6. Liaison With Accountants.
The Administrator shall, at its own expense, act as liaison with the Trust's
independent public accountants and shall provide account analyses, fiscal year
summaries, and other audit related schedules. The Administrator shall take all
reasonable action in the performance of its obligations under this Agreement to
assure that the necessary information is made available to such accountants for
the expression of their opinion, as such may be required by the Trust from time
to time.
7. Right to Receive Advice.
(a) Advice of Trust. If the Administrator shall be in doubt as to any
action to be taken or omitted by it, it may request, and shall receive,
from the Trust directions or advice.
(b) Advice of Counsel. If the Administrator or the Trust shall be in doubt
as to question of law involved in any action to be taken or omitted by
the Administrator, it may request advice at the Trust' cost from
counsel of its own choosing (who may be counsel for the Trust or, after
consultation with the Trust's officers, counsel to the Administrator).
<PAGE>
(c) Protection of the Administrator. The Administrator shall be
protected in any action or inaction which it takes in reliance on any
directions or advice received pursuant to subsections (a) or (b) of
this paragraph, provided that, in the case of subsection (b), it has
chosen counsel prudently, which the Administrator, after receipt of any
such directions or advice, in good faith believes to be consistent with
such directions or advice as the case may be. However, nothing in this
paragraph shall be construed as imposing upon the Administrator any
obligation (i) to seek such directions, or advice or (ii) to act in
accordance with such directions or advice when received. Nothing in
this subsection shall excuse the Administrator when an action or
omission on the part of the Administrator constitutes willful
misfeasance, bad faith, gross negligence or reckless disregard by the
Administrator of its duties under this Agreement.

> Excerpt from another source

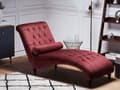Miniatyrbilde 2 av 11: Sjeselong rød fløyel Chesterfield Buttoned Moderne stue sjeselong treben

8. Compliance with Governmental Rules and Regulations.
The Trust assumes full responsibility for insuring that it complies with all
applicable requirements of the Securities Act of 1933 ( the "1933 Act"), the
Securities Exchange Act of 1934 (" the 1934 Act"), the 1940 Act, and any
applicable laws, rules and regulations of governmental authorities having
jurisdiction.
9. Compensation
As compensation for the services rendered by the Administrator during the term
of this Agreement, the Trust will pay to the Administrator a fee, calculated
and payable monthly, at an annual rate of .20% of average daily net assets if
average daily assets during such month are less than $100 million; .19% if such
assets are $100 million or greater but less than $120 million, or a fixed
amount, payable monthly, based on the preceding fee level maximum fee, if
greater; .18% if such assets are $120 million or greater but less than $140
million, or a fixed amount, payable monthly, based on the preceding fee level
maximum fee, if greater; .17% if such assets are $140 million or greater but
less than $160 million, or a fixed amount, payable monthly, based on the
preceding fee level maximum fee, if greater; .16% if such assets are $160
million or greater but less than $180 million or a fixed amount, payable
monthly, based on the preceding fee level maximum fee, if greater; .15% if such
assets are $180 million or greater but less than $200 million, or a fixed
amount, payable monthly, based on the preceding fee level maximum fee, if
greater; .14% if such assets are $200 million or greater but less than $220
million, or a fixed amount, payable monthly, based on the preceding fee level
maximum fee, if greater; .13% if such assets are $220 million or greater but
less than $260 million, or a fixed amount, payable monthly, based on the
preceding fee level maximum fee, if greater; and .12% on average daily net
assets of $260 million or more, or a fixed amount, payable monthly, based on
the preceding fee level maximum fee, if greater; or a fixed annual amount,
payable monthly, of $100,000, if greater.
<PAGE>
10. Indemnification.
The Trust agrees to indemnify and hold harmless the Administrator and its
employees, agents and nominees from all taxes, charges, expenses, assessments,
claims and liabilities (including, without limitation, liabilities arising
under the 1933 Act, the 1934 Act, the 1940 Act, and any state and foreign
securities laws, all as or to be amended from time to time) and expenses,
including (without limitation) attorneys' fees and disbursements, arising
directly or indirectly from any action or thing which the Administrator takes
or does or omits to take or do (i) at the request or on the direction of or in
reliance on the advice of the Trust, (ii) upon oral or written instruction from
an authorized agent, or (III) otherwise in connection with this Agreement,
provided, that neither the Administrator nor any of its employees, agents or
nominees shall be indemnified against any liability arising out of the
Administrator's own willful misfeasance, bad faith, gross negligence or
reckless disregard of its duties and obligations under this Agreement.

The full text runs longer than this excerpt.